Christine somehow doubted the painfully vague response would be enough even as she said it.

"What kind of things?"

"Oh, you know. Things…" She fished for some answer that might placate him, at least for the time being. "The future," she eventually said. It wasn't entirely a lie.

"Hmm."

To her exhausted relief, he mercifully left it at that. Once again, they sat in silence, watching the gulls flit in the breeze as the surf pounded onto the shoreline below.

If she was to rekindle her relationship with Raoul, it wouldn't be for many years to come. Nearly ten years to come, if they both followed the same course of events from her original life. But what would happen if she didn't want to follow the same course of events? Christine had no intention of giving up her father again, not after she'd prayed for so long. Still, her memories of future happenings only had so much power if she stuck to the paths that had created them.

If she never joined the opera this time around, then she would never meet the phantom. She would avoid that entire disaster, but that meant she would also never sing in Hannibal.

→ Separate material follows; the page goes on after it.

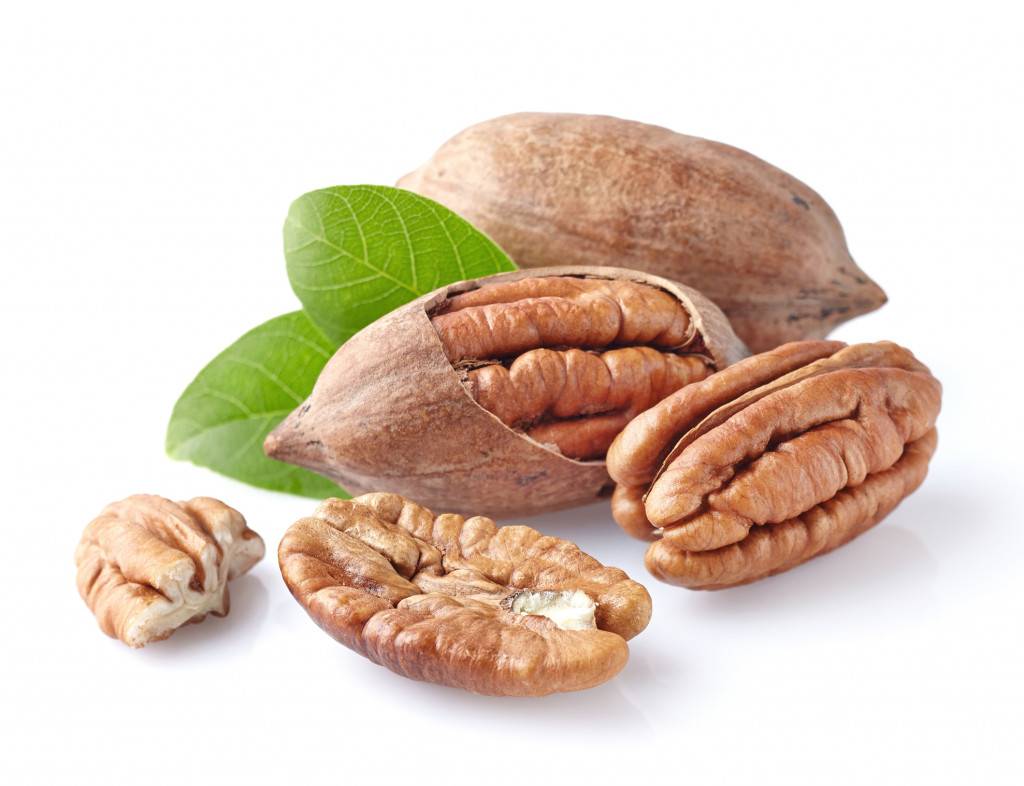 Illustration du terme « Noix de pecan »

She would never be recognized by Raoul as he watched the performance from his box, and - if it hadn't been for that - would they _ever_ have been reunited?

But even as she sifted through the many possible futures, she knew she did not want to put _any_ of them through that pain again.

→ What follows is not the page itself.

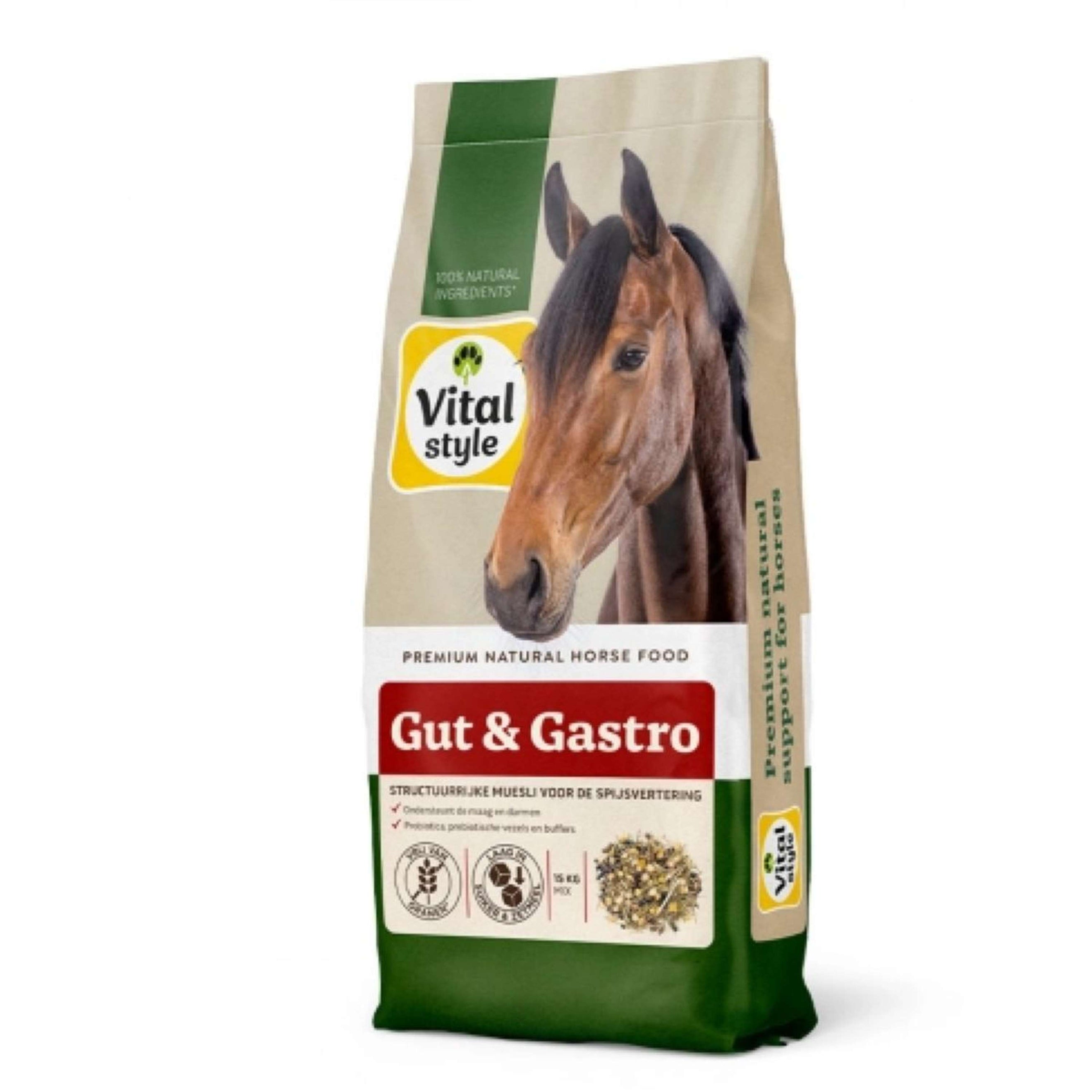 Vitalstyle Müsli Gut & Gastro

Her angel. She'd thought about him occasionally since waking up here, but everything was still so overwhelming. It was easier to place those memories aside, to quietly label them relics of a past best forgotten. Still Christine knew that was the coward's solution and not really a solution at all. And yet what could she do? Was she honestly foolish enough to believe that she could go to the Opera Populaire, accept his tutelage, and simply _tell_ him not to fall in love with her this time?

A thousand alternate scenarios ran through her head, but they all inevitably ended with him falling in love, her choosing Raoul, him losing his temper, people dying, and all of their hearts shattering. She was terrified to even attempt manipulating that part of her life.

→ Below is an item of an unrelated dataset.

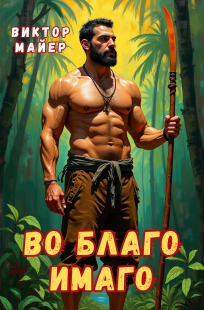 Обложка книги Во благо имаго
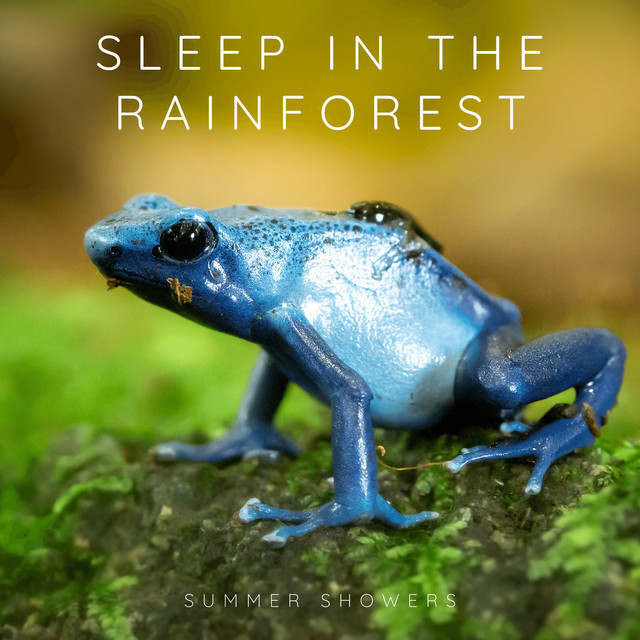 Sleep in the Rainforest cover art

Yes, one thing was unremittingly clear. So long as that man lived beneath its floors, she couldn't knowingly set foot in that place.

Christine would make her own path, become a prima donna in her own right. She'd learned, after their reunion, that Raoul and his family had a residence in Paris. They would meet each other again in time and, until then, they could share in the now.

"Christine?"

"Yes, Raoul?"

"I… no, it's nothing."

She glanced at him, one eyebrow arching. "What?" she insisted, her turn to be inquisitive.

"It's just… these days, this summer with your family, with you. It's been truly wonderful."

"Raoul-"

"But summer is over now," he said quickly, finding his momentum once he'd started. "It has been over for some time. My mother and sisters are already back at the main house, you know, society and all. It's only because of Philippe and my lessons with your father that I've been able to stay this long, but now even he's beginning to yearn for home."

"You're leaving."

In the midst of everything else that had happened, despite the cold snap and the shortening days, Christine had somehow forgotten that their summer was already ending. And still she could have sworn that he hadn't left this early before.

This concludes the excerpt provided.